He won’t look very similar to it, but Norwegian chief executive Bjørn Kjos is sort of a child on his birthday.
He has a brand new plane to play with, the Boeing Dreamliner, but there’s a small problem. It has no batteries.
The hitch means Norwegian will be unable to launch its much vaunted long-haul Boeing 787 flights to Ny in April as planned (with Norwegian instead wet leasing two Airbus A340s to fly the route in the intervening time).
As Kjos explains: “We have taken a call to take these wet lease planes for 2 and 3 months respectively; we’re expecting delays of weeks, other than months, within the delivery of the Dreamliner.
“Boeing is operating incredibly hard to get the battery issues with that plane corrected.
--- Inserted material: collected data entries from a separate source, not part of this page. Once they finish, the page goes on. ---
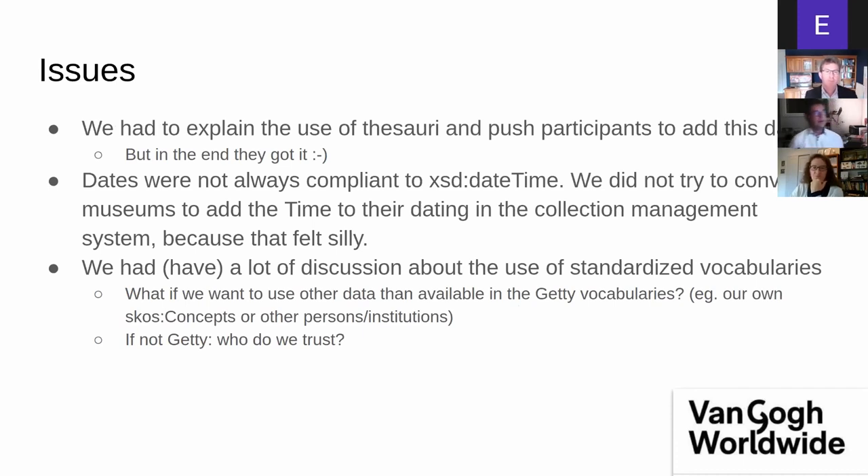We had to explain to our participants how to use thesauri. The actor/artist identifier was already introduced in most systems I encountered during this project. AAT and TGN were less commonly implemented, but in the end participants understood why they had to do this — they were enthusiastic to introduce that, at least for their seven or eight Van Gogh works. Maybe they'll go ahead and do the rest of their collections as well.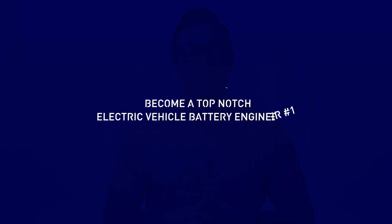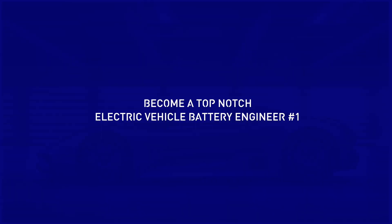Check out the preview videos and the outline to get an idea of what topics we'll be covering. Enroll today and I look forward to seeing you inside.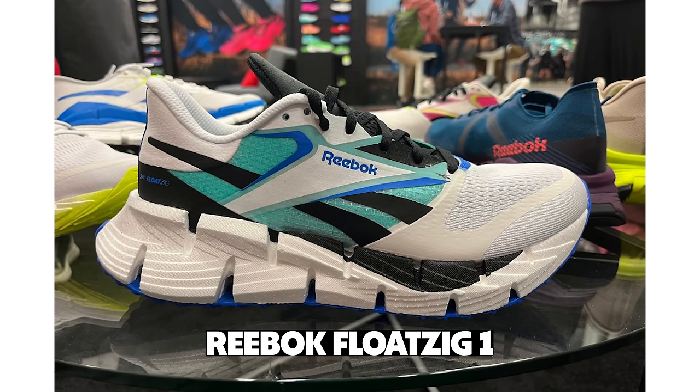This one wasn't on our original list, but after running in it, it's one of my more exciting shoes — the Reebok Floatzig One. It was a real surprise. Reebok tends to be thought of as a budget shoe that goes on sale quickly, but this one has an advanced Zig foam that's very flexible and comfortable underfoot. The upper is fantastic, and at $140 it's pretty reasonable. Aesthetically, if you had a starter jacket in the '90s, you're going to want these.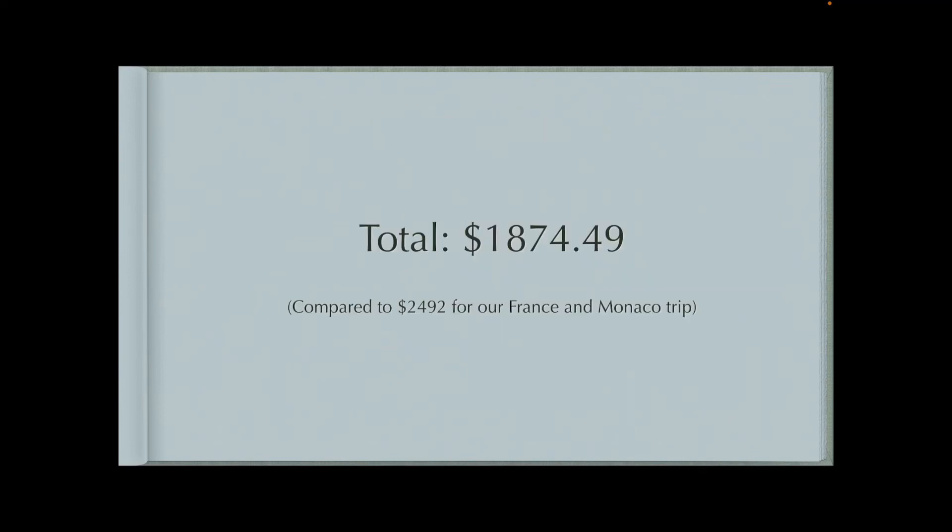So in total, this trip was about $1,874. When you compare that to the same amount of time we spent in France and Monaco, we did it for about $600 cheaper, and that's because we didn't rent a car. I could have saved money here too — that sailboat stay was pretty expensive. So you can definitely do Mallorca on a cheaper budget, but it was just a relaxing last-bit-of-sunshine vacation before the winter.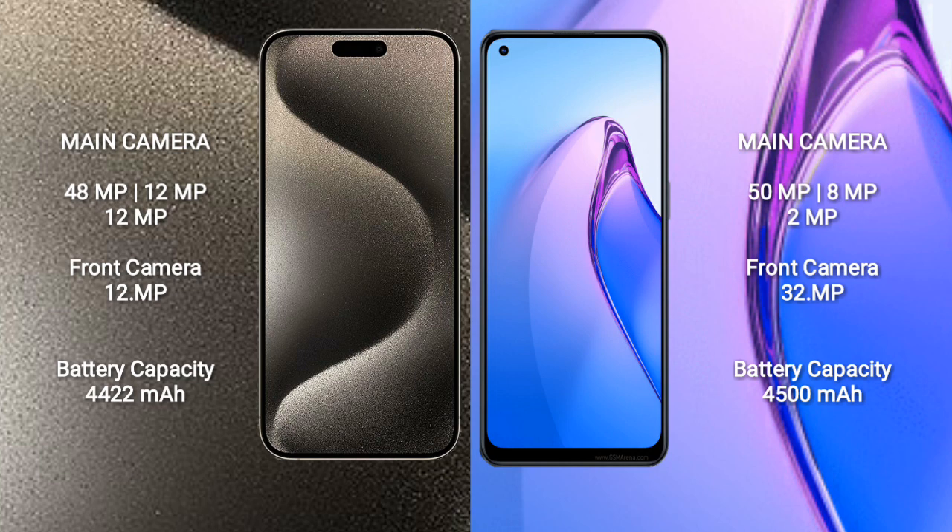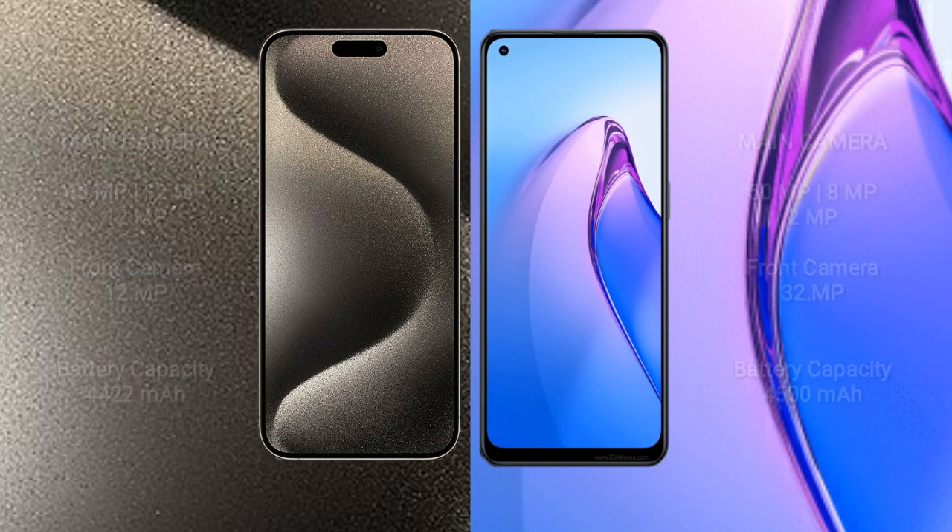iPhone 15 Pro Max has a 4,422mAh battery with 33W fast charging support. OPPO Reno 8 Pro has a 4,500mAh battery with 80W fast charging support.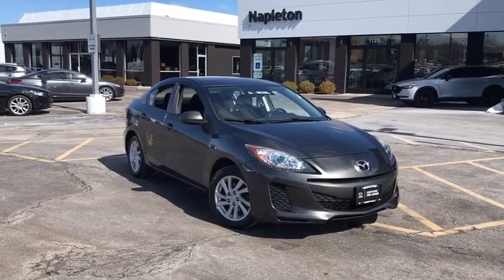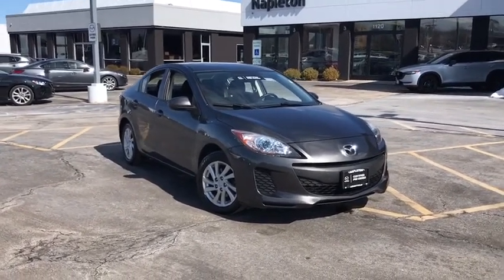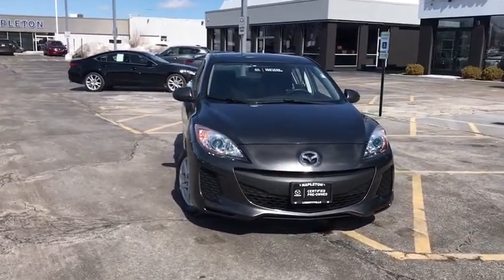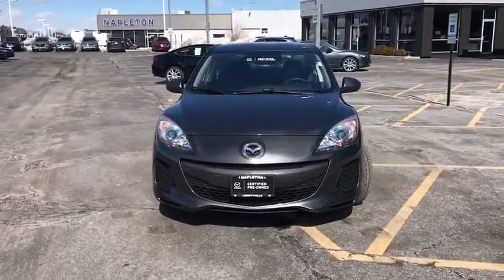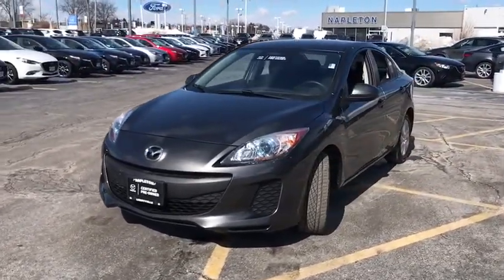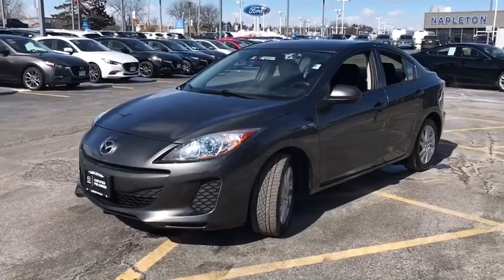The 2012 Mazda 3. A 2010 Car and Driver's 10 Best Award winner, the Mazda 3 meets your vehicle wants and needs. Powerful and economical, technologically savvy and boasting top safety features, the Mazda 3 is the total package.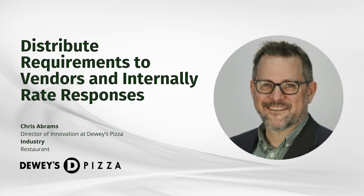I was looking for a platform that we can easily store, monitor, and distribute needs requirements out to vendors, and internally be able to rate vendor responsiveness. Olive seemed to be the right tool for me.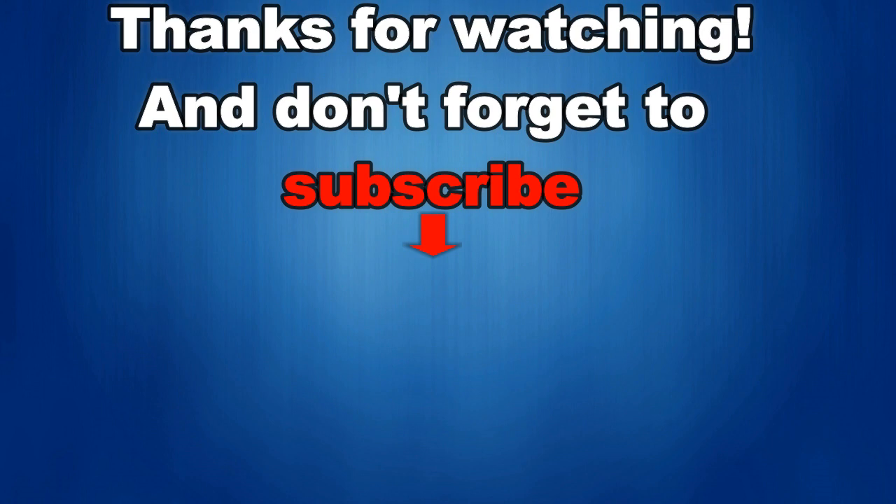It really helps me keep the channel going so I can continue to offer you guys discounts, giveaways, and fresh content. And if you want to be notified when the newest video is released then just click on that bell icon next to the subscribe button. I'll see you in the next episode — until then, take care.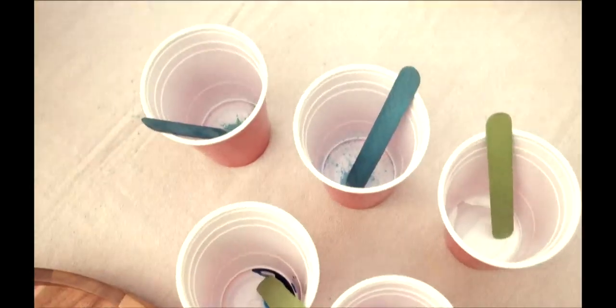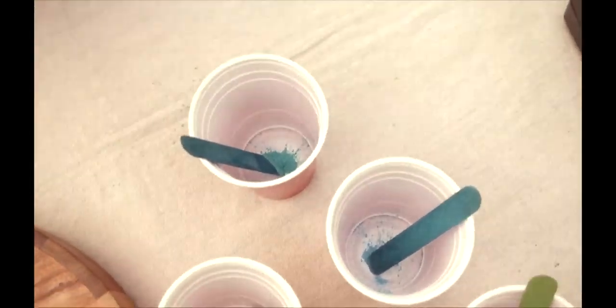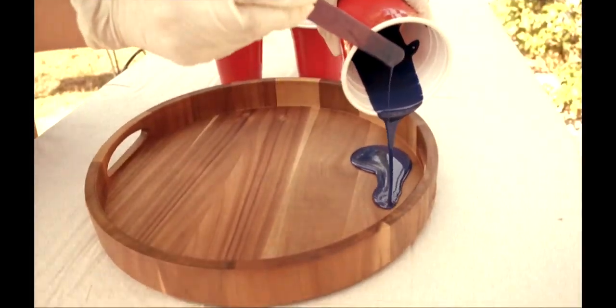Most of the time I have someone contact me for an ocean resin board and I like to sit down with them. I like to see what colors and designs they like — do they want to see a cove, or would they like to see a seashell beach covered in beautiful hand-picked seashells?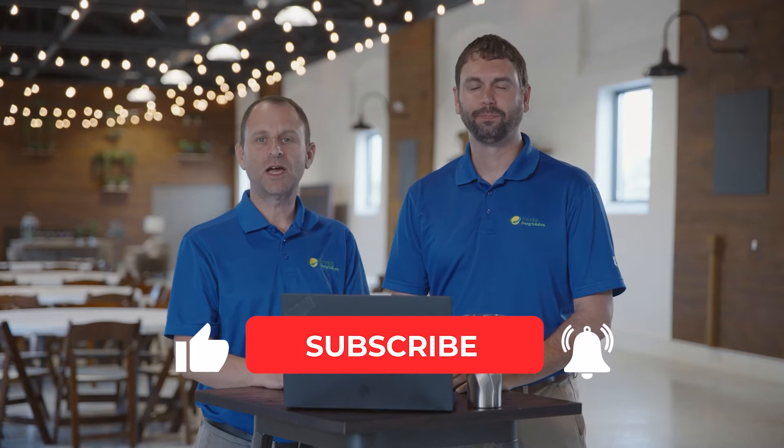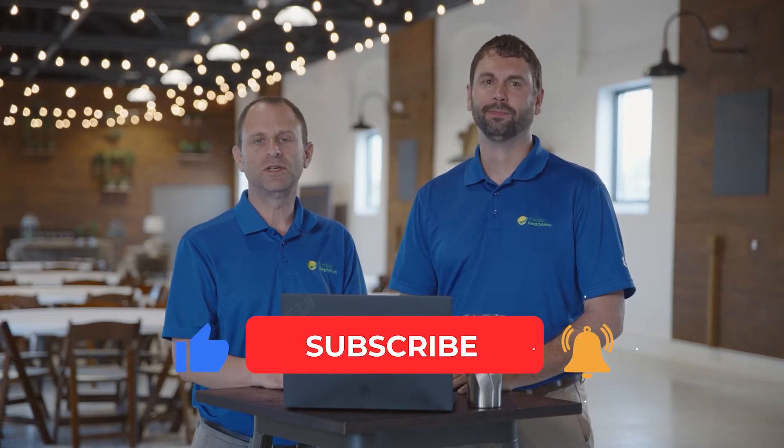I'm Charles. And I'm Warren. Don't forget to like and subscribe if you want to get notified when we post additional videos just like this. So Warren, are solar panels toxic?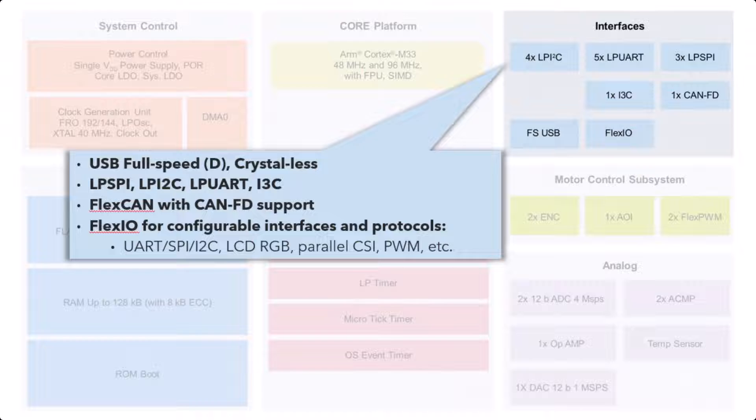When it comes to interfaces, there are a lot of them. You have a parallel interface, a lot of UARTs, SPI, and i3C — which is the later version of I2C. You also have CAN, and USB full speed with a built-in PHY, so you don't need an extra PHY. And you can run it crystal-less as well.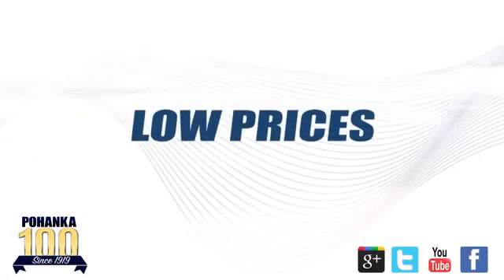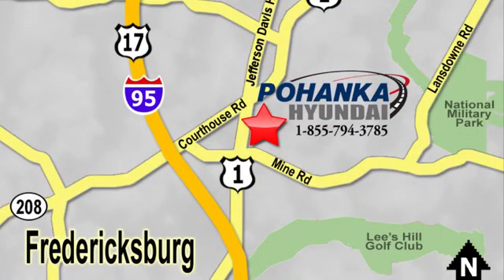Great service, great selection, and low prices. That's why Pohanka Hyundai of Fredericksburg is a great place to buy a car. Visit today, located on Route 1 in Fredericksburg, Virginia.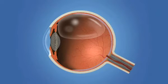Or a gas bubble may be placed in the eye to push the retina back in place. With pneumatic retinopexy, a gas bubble is injected into the vitreous space inside the eye. The bubble pushes the retinal tear closed against the back wall of the eye. With this procedure, the patient must maintain a certain head position for several days after surgery. The gas bubble will eventually disappear. Laser or cryotherapy is also added to seal the retinal tear back in place.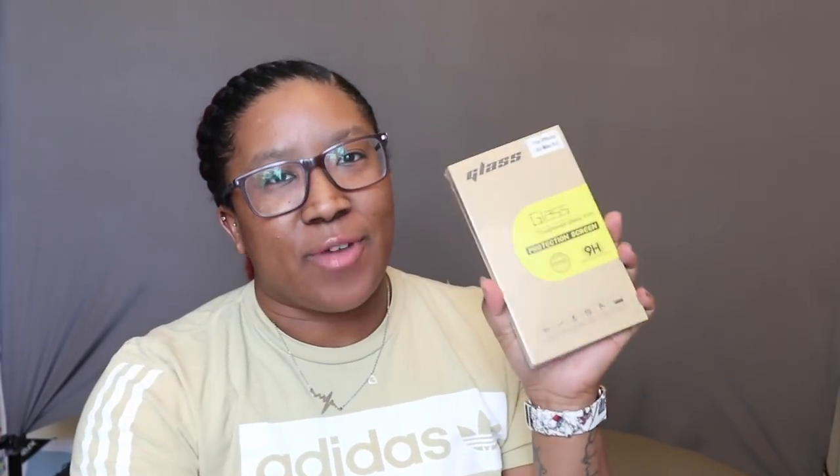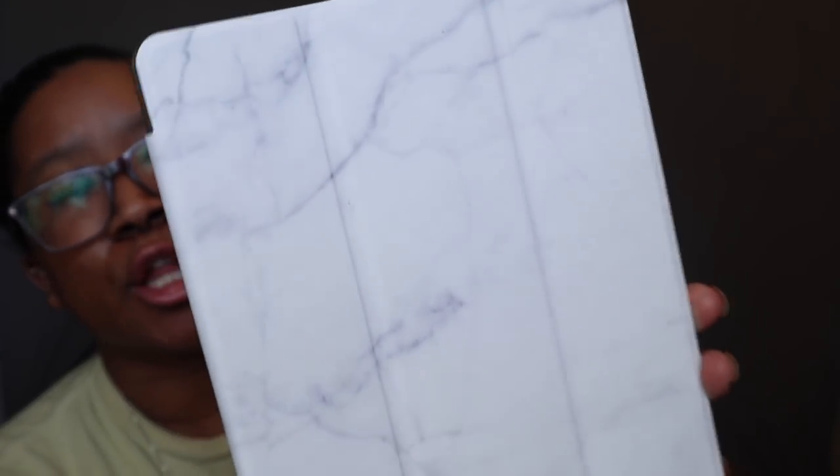I've been walking around with no screen protector on my phone either, but I did get one for my phone as well so I'll put that on now. I also got a new marble case for my iPad because I don't like the one I got at Walmart — it was just the best of a bad selection. It's just the regular basic marble that every girl has.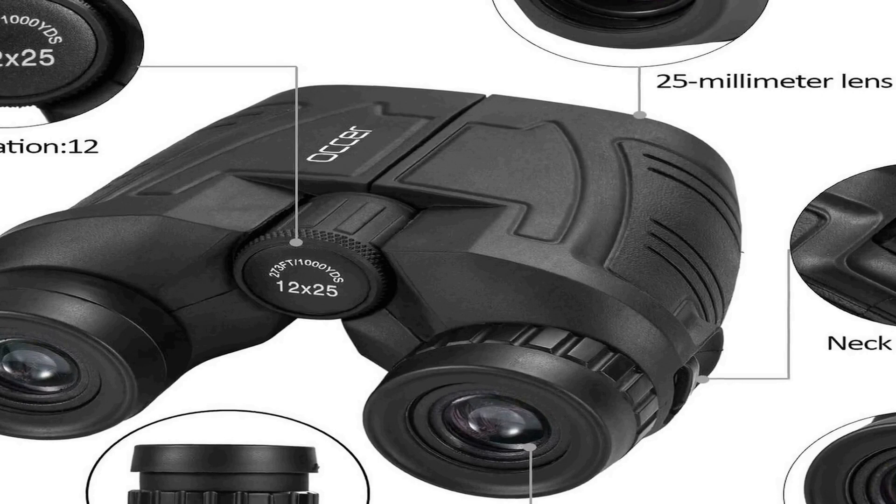These lightweight binoculars are covered with a BAK4 prism. The objective lens uses optical FMC multi-layer broadband green film, and the eyepiece optics are made with blue FMC coating. All design elements ensure a good image for an amazing experience. The compact and small design means one hand can master them, making them ideal for opera, bird watching, camping, traveling, wildlife watching, football games, cruises, and other outdoor activities.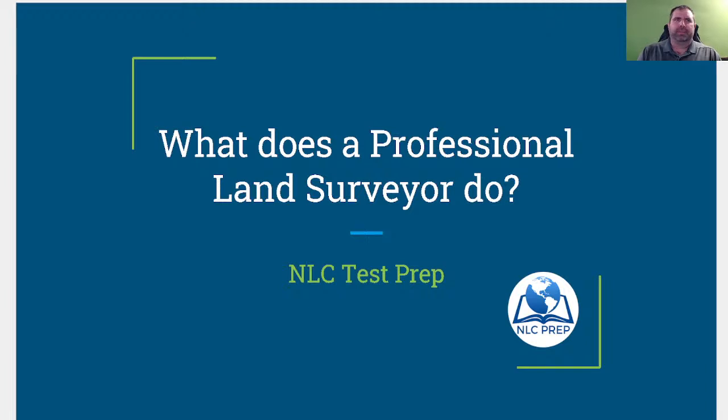All right, welcome everyone to February 2024's live webinar. Tonight we're going to discuss: what does a professional land surveyor do?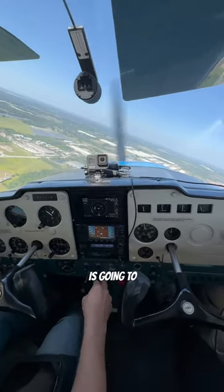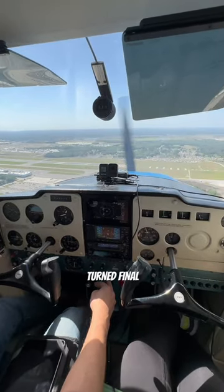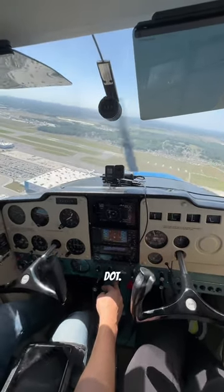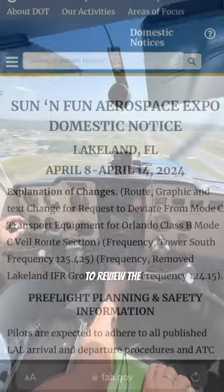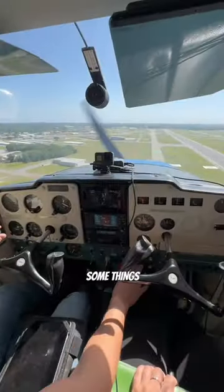Lakeland Airport is going to have about 2,000 aircraft landing within hours of each other, which makes it super important for everyone to review the arrival procedure beforehand, even if you've done it before, because this year some things have changed.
We now have faith in them and should order more Dreamliners at some point.”
Sky-high
Outside of this small blip, things are starting up for Norwegian, which has grown during the last decade to become the tenth largest carrier in Europe.
In two weeks, on April 1st, the Scandinavian airline will open its first base within the UK, at Gatwick Airport, offering 145 non-stop flights per week to 21 destinations.
The four aircraft based there’ll principally cater to the leisure market, ferrying cost-conscience passengers to sunny climbs in Spain, Italy and Croatia among others.
The move is a part of a much wider strategy from Norwegian to chop costs ever further.
Basing planes across Europe – with the carrier also opening operations in Malaga, Las Palmas and Alicante in Spain – allow for savings which are passed directly to passengers within the sort of cheaper tickets.
As Kjos continues: “There are going to be lots fewer airlines within the next decade and, as in every industry, it will become survival of the fittest.
“Our emerging competitors are the Asian low-cost carriers – Scoot, JetStar and AirAsia; it is going to be these carriers that fly passengers to the emerging economic destinations.
“Their costs are incredibly low – something we must match.”
New Aircraft
Another component to this cost cutting ambition, alongside geographical diversification, is a keenness for brand new aircraft, with Norwegian operating probably the most modern fleets in Europe.
It currently comprises 73 aircraft, including some 63 Boeing 737-800s and ten Boeing 737-300s.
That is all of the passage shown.